» Exercise instructions
Below are the records; give again exactly the lines from the one containing "I'd like to" through the one containing "For supply the", leaving out pictures.

» Supplied records
== Segment start ==
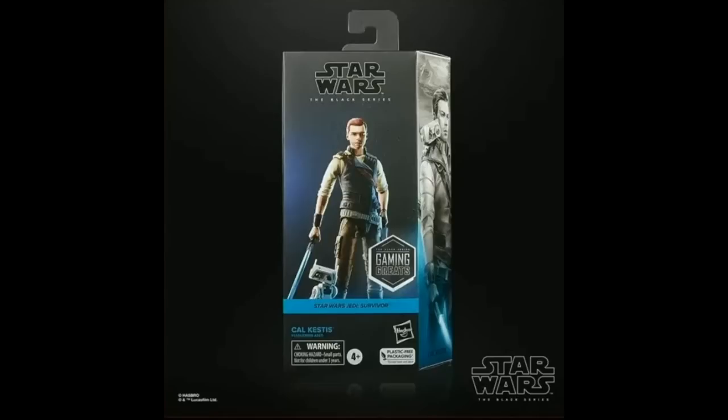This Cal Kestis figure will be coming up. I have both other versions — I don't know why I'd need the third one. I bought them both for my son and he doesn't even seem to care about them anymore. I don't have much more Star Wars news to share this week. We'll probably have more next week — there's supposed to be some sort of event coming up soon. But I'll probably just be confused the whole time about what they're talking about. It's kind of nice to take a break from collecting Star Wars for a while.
== Segment end ==
== Segment start ==
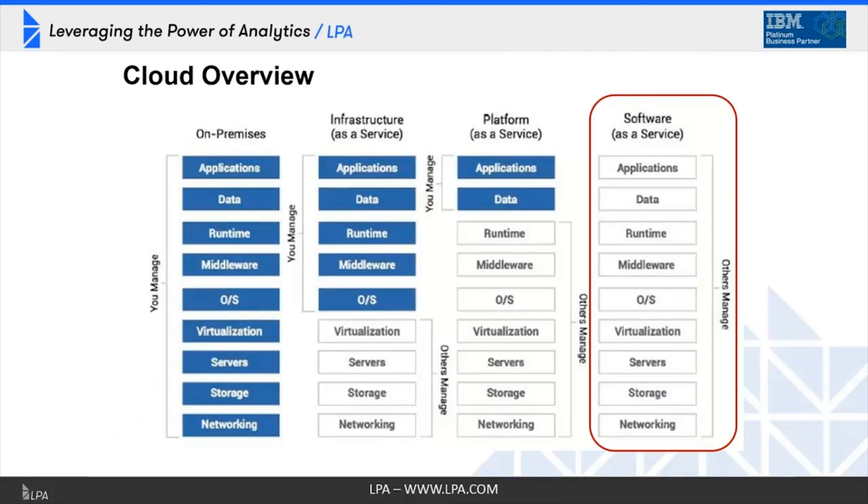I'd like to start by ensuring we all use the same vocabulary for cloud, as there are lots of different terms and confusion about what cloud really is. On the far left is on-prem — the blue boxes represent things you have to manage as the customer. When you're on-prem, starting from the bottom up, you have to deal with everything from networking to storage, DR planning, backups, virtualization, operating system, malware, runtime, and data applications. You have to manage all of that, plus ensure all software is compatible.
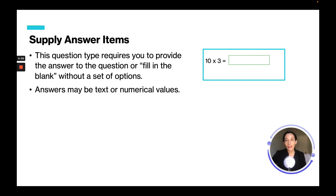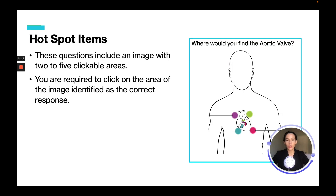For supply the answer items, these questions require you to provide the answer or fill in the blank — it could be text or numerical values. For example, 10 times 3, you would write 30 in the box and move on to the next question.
== Segment end ==
» Answer to this task
I'd like to start by ensuring we all use the same vocabulary for cloud, as there are lots of different terms and confusion about what cloud really is. On the far left is on-prem — the blue boxes represent things you have to manage as the customer. When you're on-prem, starting from the bottom up, you have to deal with everything from networking to storage, DR planning, backups, virtualization, operating system, malware, runtime, and data applications. You have to manage all of that, plus ensure all software is compatible.
For supply the answer items, these questions require you to provide the answer or fill in the blank — it could be text or numerical values. For example, 10 times 3, you would write 30 in the box and move on to the next question.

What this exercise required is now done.